Note that to install the `blsp` package using your local computer, you need to also install the software [Just Another Gibbs Sampler (JAGS)](https://sourceforge.net/projects/mcmc-jags/files/). Don't worry about the software, we need to install it but `blsp` will handle how to use it, we don't!
```{r eval=FALSE}
devtools::install_github("ncsuSEAL/Bayesian_LSP", build_vignettes = FALSE)
```
No need to understand the details of the following code chunk except that it will give us phenological dates from the satellite observations. It will take some time for the model to run.
```{r}
library(blsp)
avgfit <- FitAvgModel(
date_vec = evi2_dt$Date,
vi_vec = evi2_dt$evi2,
model = "dblog7"
)
blsp_fit <- FitBLSP(
date_vec = evi2_dt$Date,
vi_vec = evi2_dt$evi2,
model = "dblog7",
init_values = avgfit,
start_yr = 1991,
end_yr = 2023,
cred_int_level = 0.95,
opt = list(method = "threshold"),
verbose = TRUE
)
```
```{r fig.width=10, fig.height=6}
PlotBLSP(blsp_fit)
```
```{r}
phenos <- blsp_fit$phenos
gsl_dt <- phenos[, .(year = as.integer(Year), GSL = Dormancy - Greenup)]
plot(gsl_dt[, .(year, GSL)], type = "b")
```
### Eddy-covariance GPP measurements
Now, we load annual gross primary productivity (GPP) data measured by the EMS flux tower.
```{r fig.width=10, fig.height=8}
gpp_dt <- fread("data/us-ha1_annual_gpp.csv")
par(mfrow = c(2, 1))
plot(gsl_dt[, .(year, GSL)], type = "b")
plot(gpp_dt[, .(year, GPP)], type = "b",
ylab = expression(GPP~(umol / m^2 / year))
)
```
### Linear regression
Now, we will fit a linear regression model to investigate the relationship between annual GPP and growing season length.
```{r}
# Merge the data together
com_dt <- merge(gsl_dt, gpp_dt, by.x = "year", by.y = "year")
head(com_dt)
```
Fitting a linear regression in R is very simple, just use the `lm()` function, and the `summary()` function can give us the statistics of the model fit:
```{r}
mod <- lm(GPP ~ GSL, data = com_dt)
summary(mod)
```
```{r fig.width=5, fig.height=5}
plot(com_dt[, .(GSL, GPP)], pch = 16, bty = "L")
# Draw the linear regression line
abline(mod, col = "blue")
# Plot the R^2 value using the legend function
r_sqr <- round(summary(mod)$r.square, 2)
legend("topleft", bty = "n", legend = bquote(R^2 == .(r_sqr)))
# Also plot the p-value
f <- summary(mod)$fstatistic
p_val <- pf(f[1], f[2], f[3], lower.tail = FALSE)
legend("topleft", bty = "n",
legend = paste("p-value: ", formatC(p_val, format = "e", digits = 2)),
y.intersp = 3 # Note this line!
)
```
Note this is a oversimplified analysis!

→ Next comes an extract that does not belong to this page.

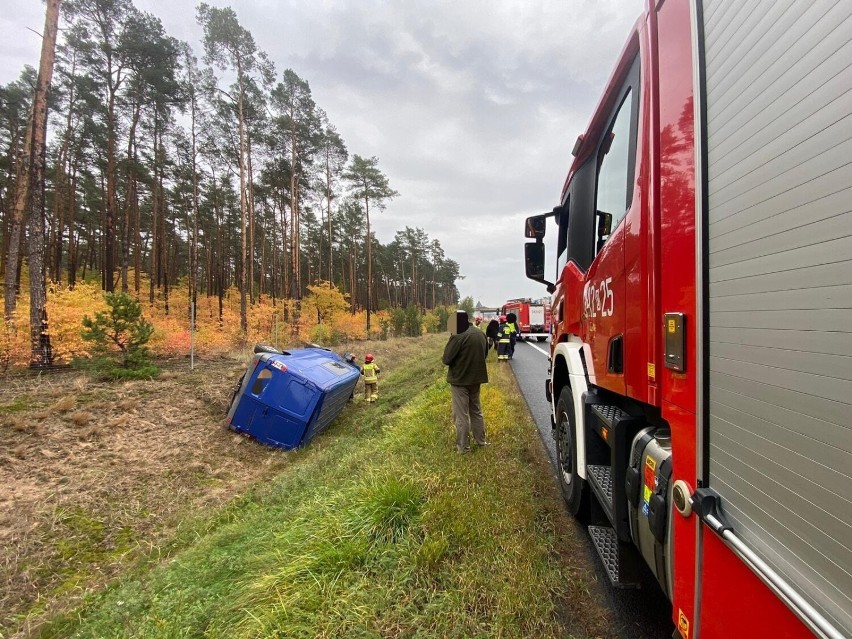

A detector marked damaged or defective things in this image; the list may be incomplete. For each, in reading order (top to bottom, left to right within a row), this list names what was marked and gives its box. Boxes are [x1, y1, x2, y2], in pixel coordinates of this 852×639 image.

In the real world, we should look closely to the model fit and the outliers to make sure the mathematical assumptions of linear regression are satisfied.

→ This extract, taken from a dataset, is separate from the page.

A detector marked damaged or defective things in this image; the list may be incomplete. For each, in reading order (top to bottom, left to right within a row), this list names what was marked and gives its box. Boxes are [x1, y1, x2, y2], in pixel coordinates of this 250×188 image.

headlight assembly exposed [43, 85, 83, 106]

## 3. Github for open science
Reproducibility is CRITICAL in science (https://www.nature.com/articles/d41586-019-00067-3). Get your code version controlled not only facilitates reproducibility but also helps you understand and reuse your code in the future.
### Useful resources
- Git: https://www.git-scm.com/
- GitHub: https://github.com/
- Reproducible Research with R and RStudio: https://englianhu.wordpress.com/wp-content/uploads/2016/01/reproducible-research-with-r-and-studio-2nd-edition.pdf
-
### Some commands
```
# Init the Git repository
git init
# Add README.md to the Git repository
git add README.md
# Add all files to the respository
git add .
# Commit changes
git commit -a -m "Create README"
# Display status
git status -s
# Check history of commits
git log
# Checkout a branch
git checkout -b newbranch
# Git clone
git clone
```
### Life saving coding tips
- Always put space between operators to increase readability: `a <- 1` not `a<-1`.
- Don't write very wide lines (80-85 characters max per line).
- Name variables with meanings.
- Write clear and concise comments when necessary.
- Create small scripts to organize project structure and use functions to organize script structure.